Psalm 68:19 ” Praise be to the Lord, to God our Savior, who daily bears our burdens.”

 My boys pay close attention to how I am feeling throughout the day. They are like little, now big, thermometers that take readings of my well-being. I believe young children do this naturally since they are completely dependent on a parent for their own emotional and physical well-being. Taking a reading of us, their parents, can determine how their day will go. Have you heard the saying, “A mother sets the mood for the family.” ? A child who has been through any trauma (divorce/death/absence of a parent) seems to have a heightened sensitivity in response to their environment.

 I worked hard to put my own emotional trauma of divorce aside and walk with them through theirs. (The Lord walks with me through mine) But chronic pain/arthritis, and debilitating migraines, they notice. I have kept every “feel better” card or picture that they have made me and I cherish them. ❤

 My boys, Evan and Madi,  have learned compassion. One day, when Madi was four years old, I was flat out on the couch while some mean, invisible person hammered on my head. Ok, it was a migraine, yet that is how it felt. The boys played quietly on the floor. I just closed my eyes to block out the light and then felt the sweetest little kiss on my forehead. I smiled and opened my eyes to see Madi. He said, “Just like you do to me!”, with an adorable grin all over his face. It was such a blessing to me!

Philippians 4:13 ” I can do everything through Him who gives me strength”

Romans 8:28 “And we know that in all things God works for the good of those who love Him, who have been called according to His purpose.”

 It is a fact, Christians suffer. Whether it be a consequence of sin or from God’s Hand to bring repentance, or to bring Him glory and live as Christ’s hands and feet. We live in a fallen world. When I was a little girl, in the 70’s, my church showed the Joni movie. To say that Joni Eareckson Tada’s faith and dedication to God, in-spite of of her quadriplegia, inspired me is an understatement. Her excellent and Godly example has prepared me, encouraged me and taught me how to face the disabling pain that I now live with. But many years ago, as a young christian, I thought suffering would never happen to me. Or rather, I just had really hoped that it would not because I did not want it and I thought I could not handle it. How scared I was then of “something” happening. Well, many “things” have happened since then and I have felt his tender mercy and love, His very real presence through every trial.

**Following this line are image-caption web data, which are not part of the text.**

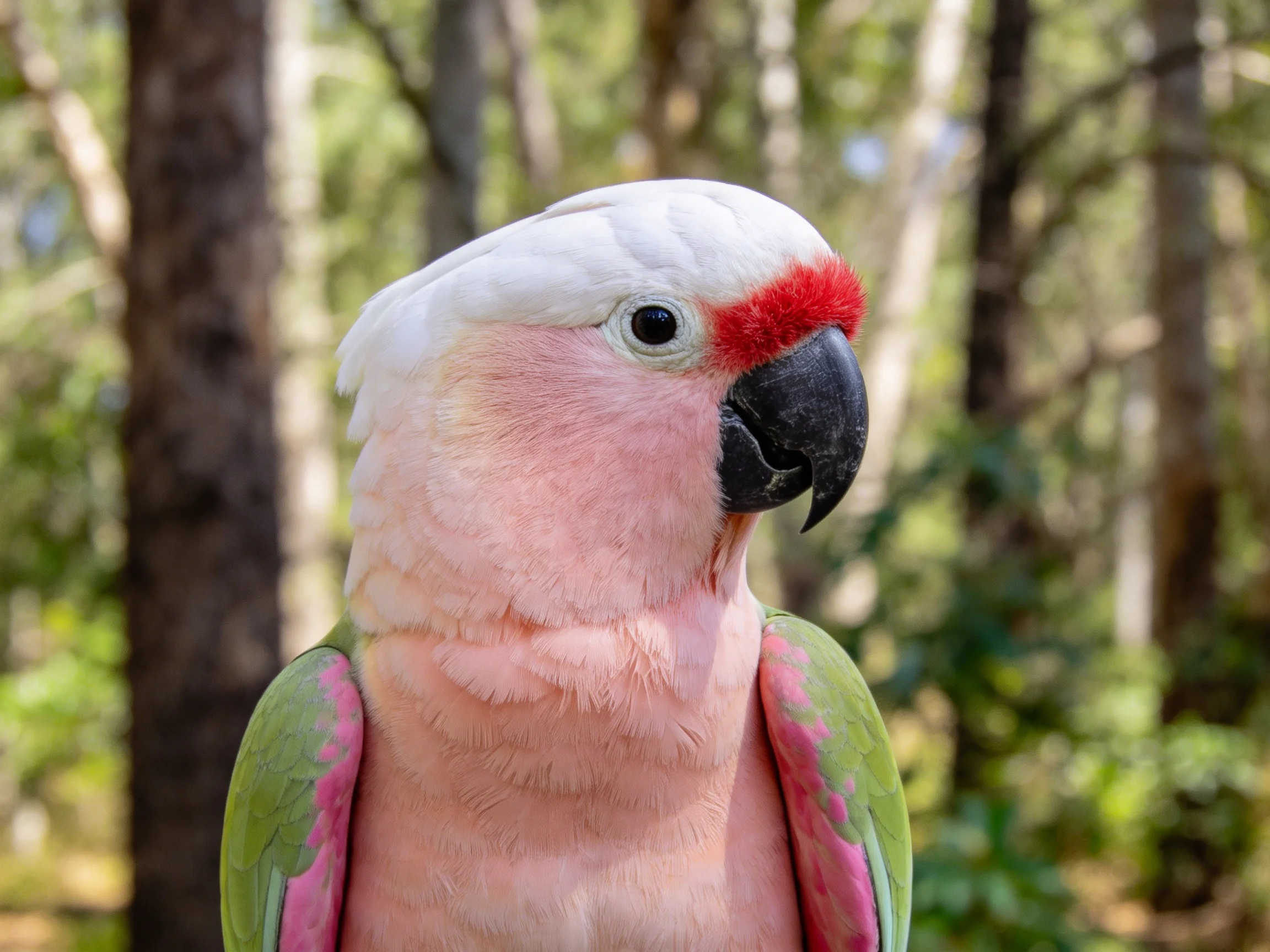 Red-crested pink cockatoo with green wings in forest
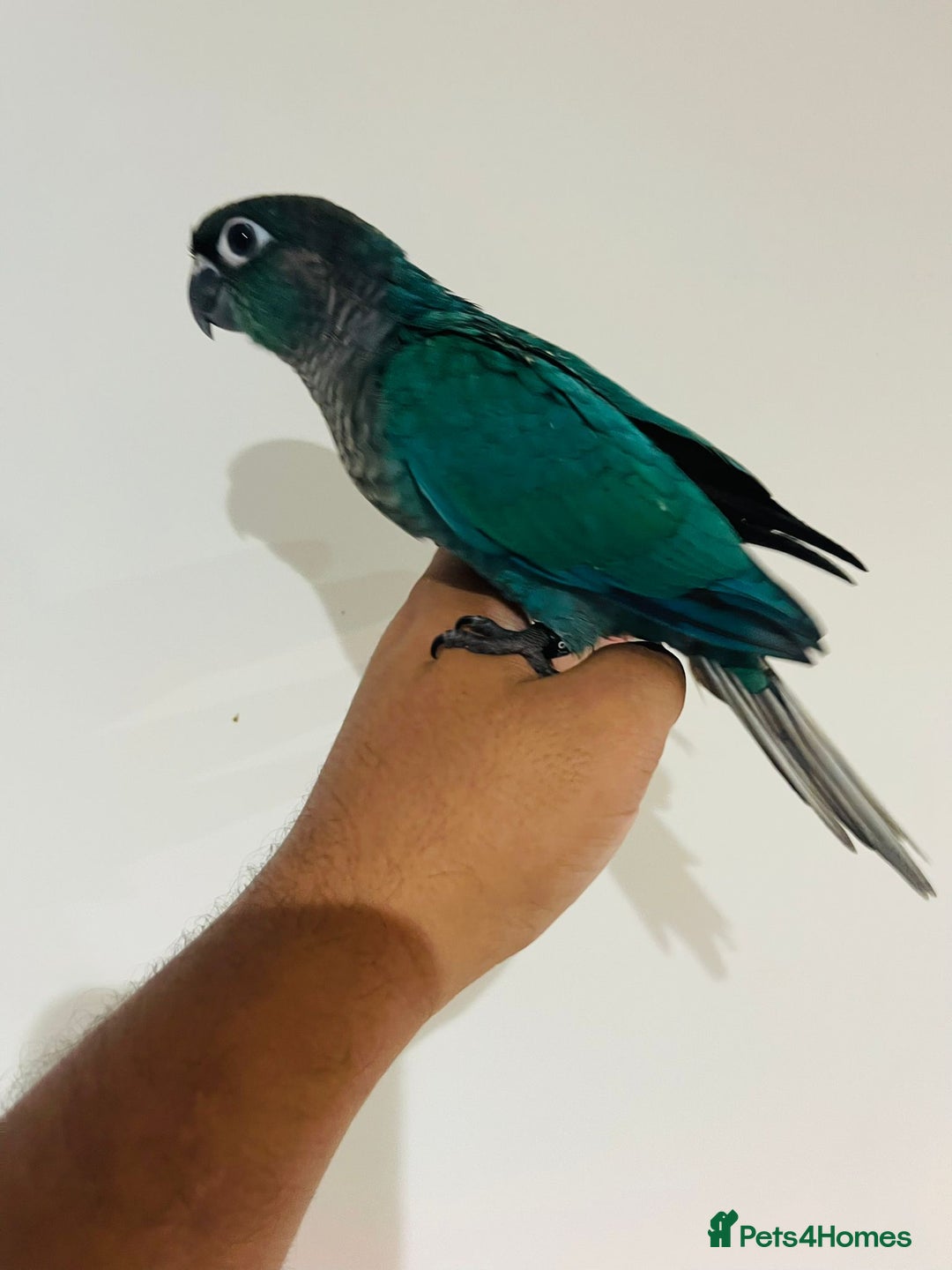 Conures birds for sale: Conure - Image 2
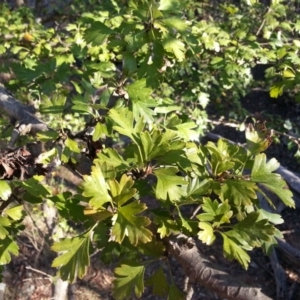 Crataegus monogyna at Hackett, ACT - 16 Mar 2016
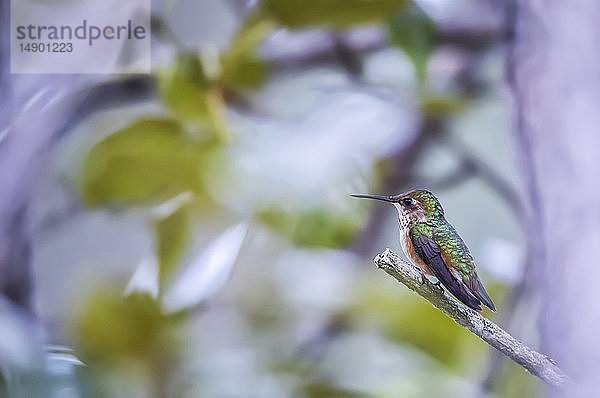 Kolibri mit farbenfrohem Gefieder auf einem Ast sitzend; Atlin  British Columbia  Kanada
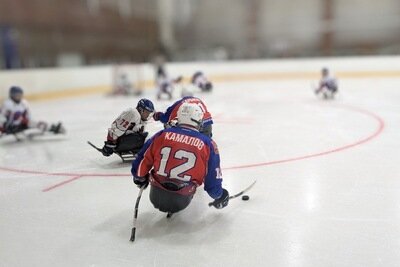    Подмосковный «Феникс» вышел в плей-офф чемпионата России по следж-хоккею © Пресс-служба Министерства физической культуры и спорта Московской области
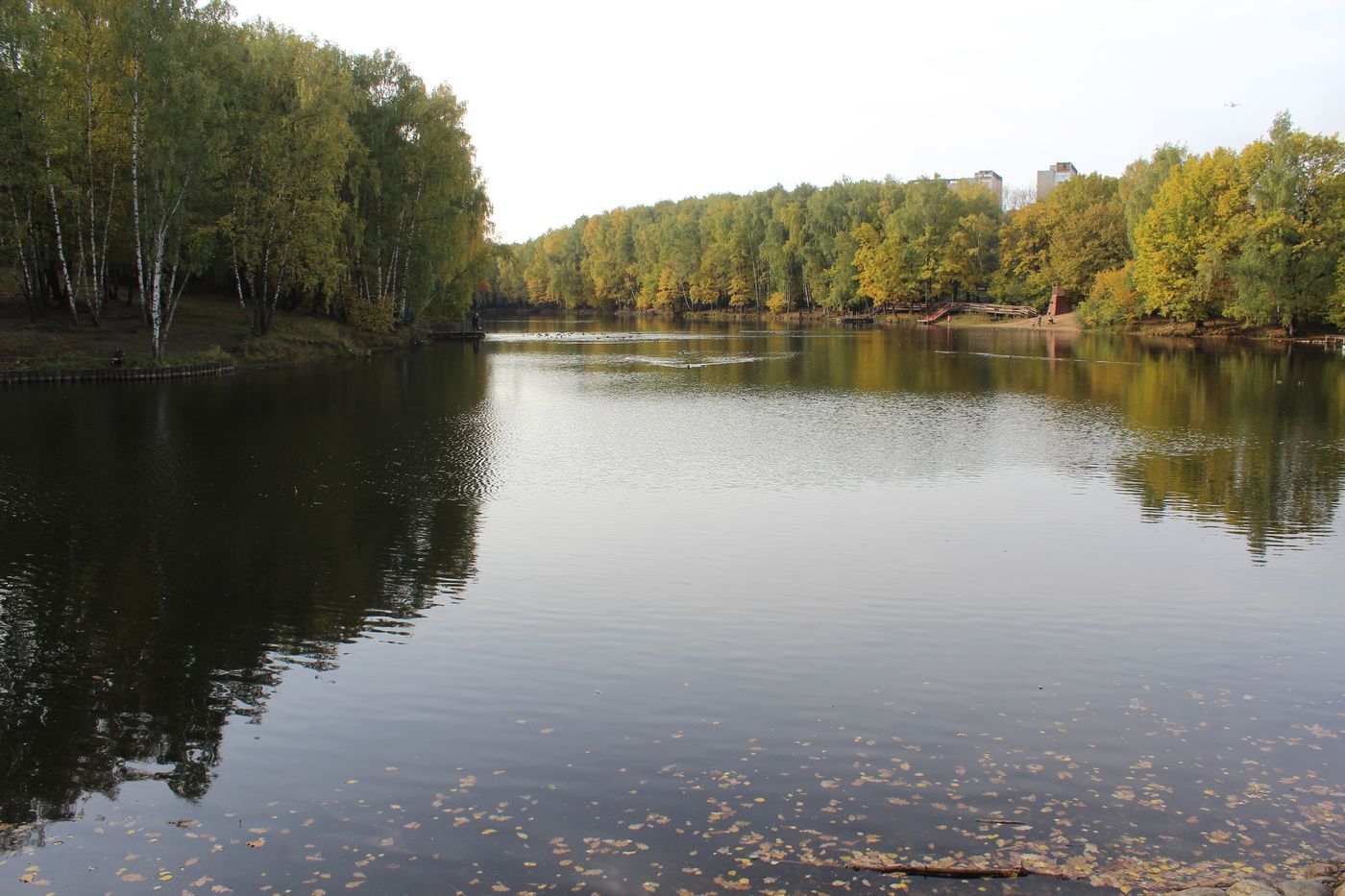 Заказник "Теплый Стан", image of landscape/habitat.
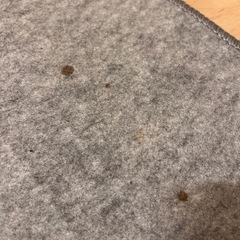 【決まりました】ホットカーペットの画像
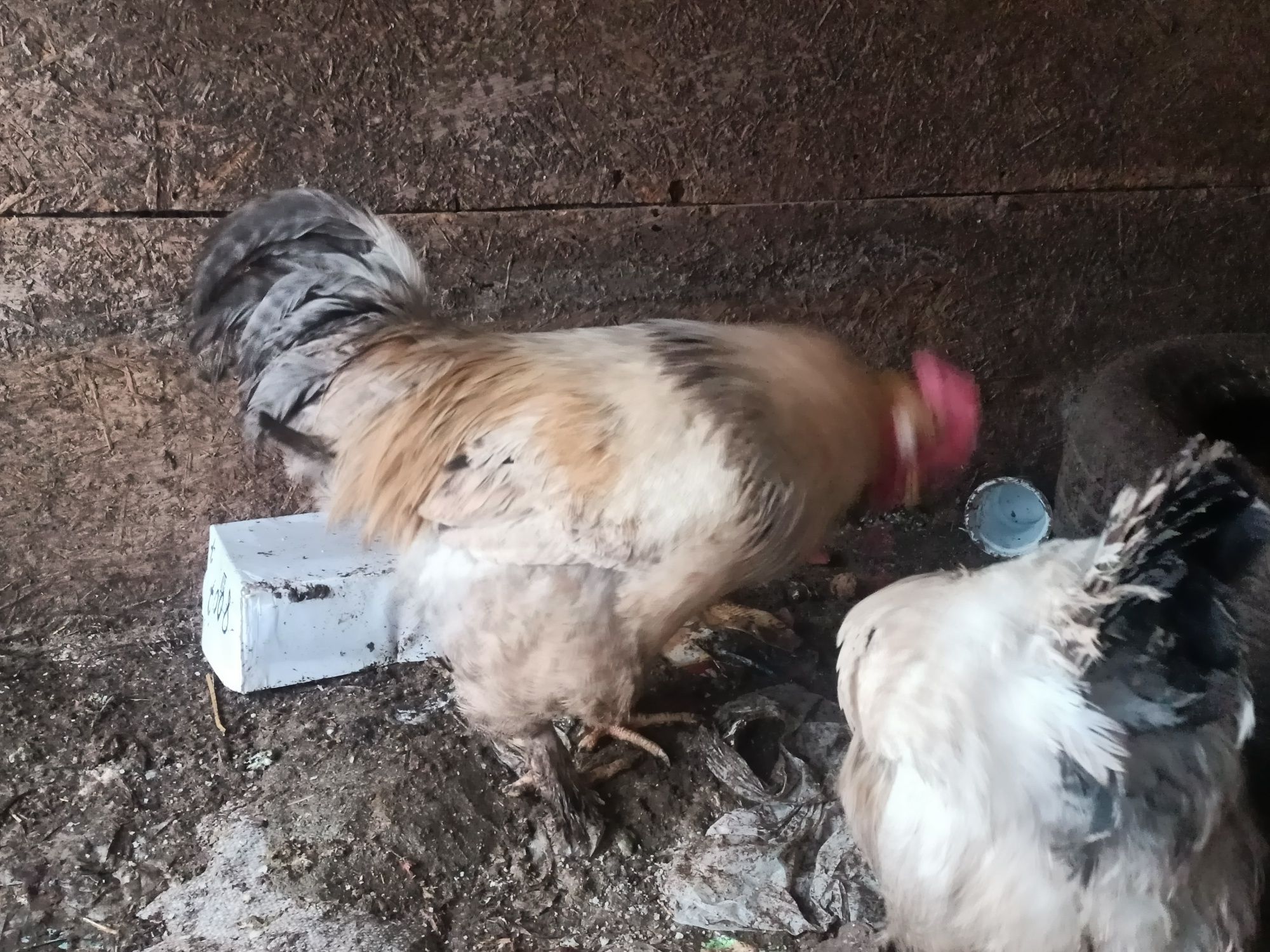 Продам инкубационные яйца домашних кур,птица на свободном выгуле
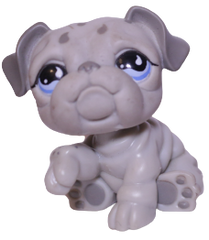 #0508 Bulldog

Do not misunderstand, I have fallen before Him on my knees time and time again overwhelmed because

  • I can’t write or edit photos due to the pain in my fingers and hands
  • light house work or throwing a ball or playing with my boys brings sharp lasting  pain in my elbows
  • when I can’t go for a walk today because my legs are still in pain from whatever I did yesterday
  • when climbing the stairs takes so much effort and time
  • when I need to lay down, missing time with family, due to a migraine caused by the osteoarthritis (and degenerative discs) in my back and neck
  • whatever I use, I loose

 I collapse and cry and I want to say  ” No…How much more? I can’t do this.                         I just want to be able, again.”

Then He comforts me. He holds me. He dries my tears and surrounds me with His love. He knows. He knows my heart. He knows suffering. He suffered, for me.

The Lord tenderly wraps His arms around my pain-filled body and lifts me up. He will carry me in my weakened body and lend me His strength (mentally, physically, spiritually) making me stronger than I would be in an “able” body. (2Corinthians 12:10)

 He is kind. He is caring. He is gentle and compassionate . I trust Him, He is worthy.       God has never, ever forsaken me.

 I am willing, my life is Yours my Savior! I will fight for You, my King. I will walk the path that You have created for me. You will give me the ability to do Your will, and I keep at the front of my mind the endless joy that is to come!

Lamentations 3:21-24 ” “Because of the LORD’S great love we are not consumed, for His compassions never fail. They are new every morning; great is Your faithfulness. I say to myself, “The LORD is my portion; therefore I will wait for Him.””

2 Corinthians 12:9 “My grace is sufficient for you, for my power is made perfect in weakness.”

2 Corinthians 1:3 “Praise be to the God and Father of our Lord Jesus Christ, the Father of compassion and the God of all comfort, who comforts us in all our troubles, so that we can comfort those in any trouble with the comfort we ourselves have received from God. For just as the sufferings of Christ flow over into our lives, so also through Christ our comfort overflows.”

Psalm 28:6-7 “Praise  be to the LORD, for He has heard my cry for mercy. The LORD is my strength and my shield; my heart trusts in Him, and I am helped. My heart leaps for joy and I will give thanks to Him in song.”

 I do not know if these new physical limitations will become my new normal, but I know that God will help me. He has so many times before. And I do not know how limited I will become, now or in the future, but I know whose Hands my trials are sifted through. God is Sovereign over all and faithfully loves me.

 I now need to live as an example for my boys. They also have Ehlers Danlos III, which is a type of arthritis and most who have it will develop early onset osteoarthritis. God knows our path, and He is worthy of our trust and our faith, no matter what.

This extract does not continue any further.